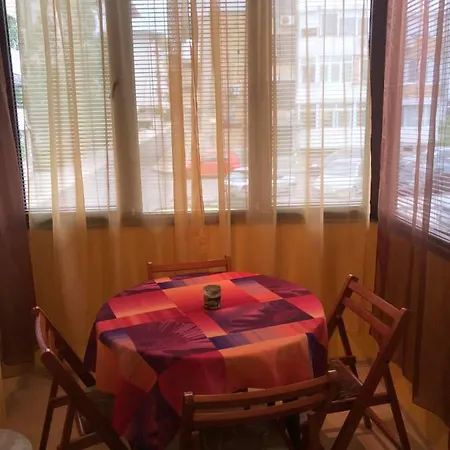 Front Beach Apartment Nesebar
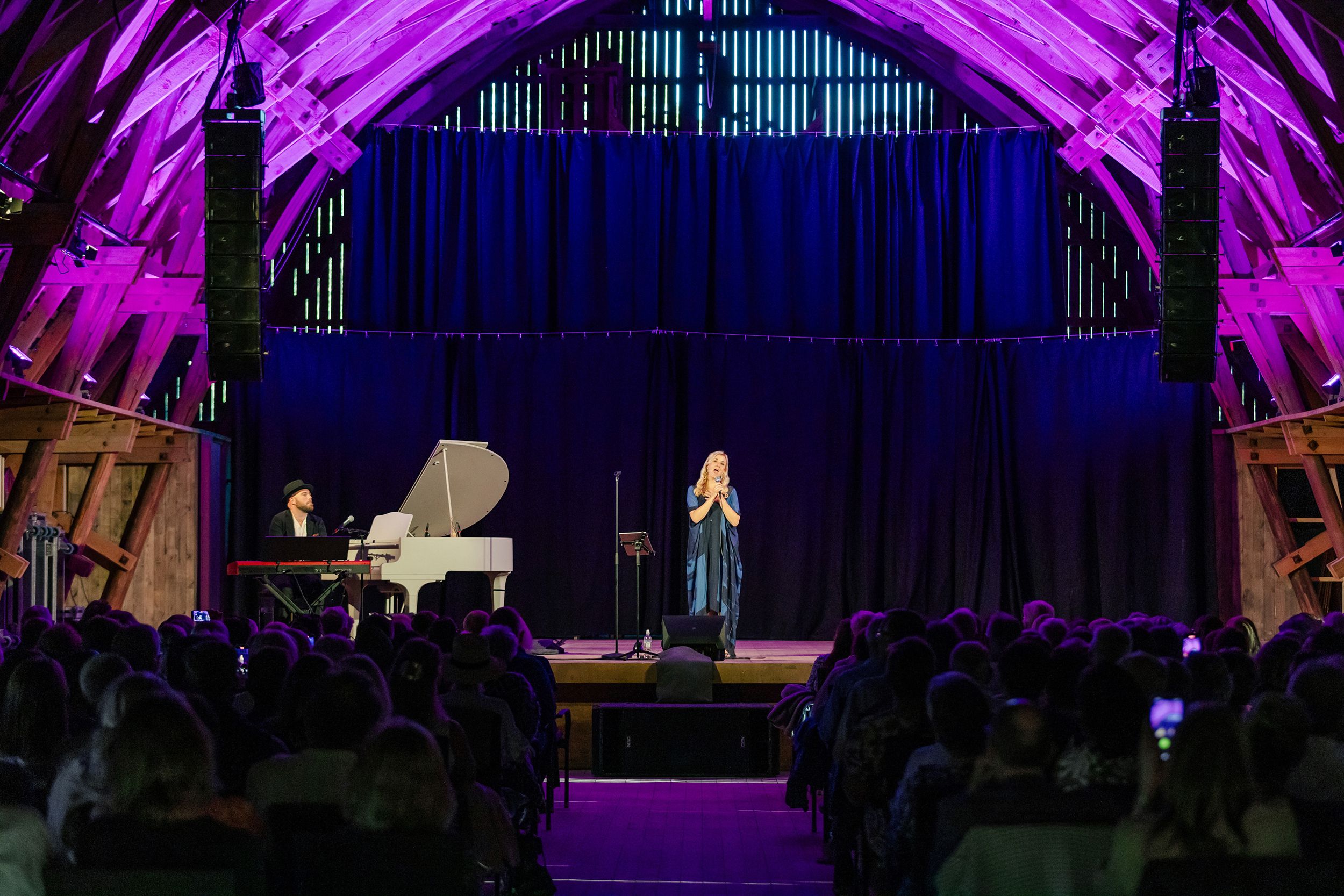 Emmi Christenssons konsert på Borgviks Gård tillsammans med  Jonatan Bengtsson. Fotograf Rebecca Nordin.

...

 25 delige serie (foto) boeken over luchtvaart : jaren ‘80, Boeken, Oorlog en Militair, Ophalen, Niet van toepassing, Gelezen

### Exercise prompt:
Your answer should be the exact lines above from the one containing "Front Beach Apartment Nesebar" through the one containing "Emmi Christenssons konsert", with both end lines kept and the pictures removed, please.

### Reply to the exercise:
 Front Beach Apartment Nesebar
 Emmi Christenssons konsert på Borgviks Gård tillsammans med  Jonatan Bengtsson. Fotograf Rebecca Nordin.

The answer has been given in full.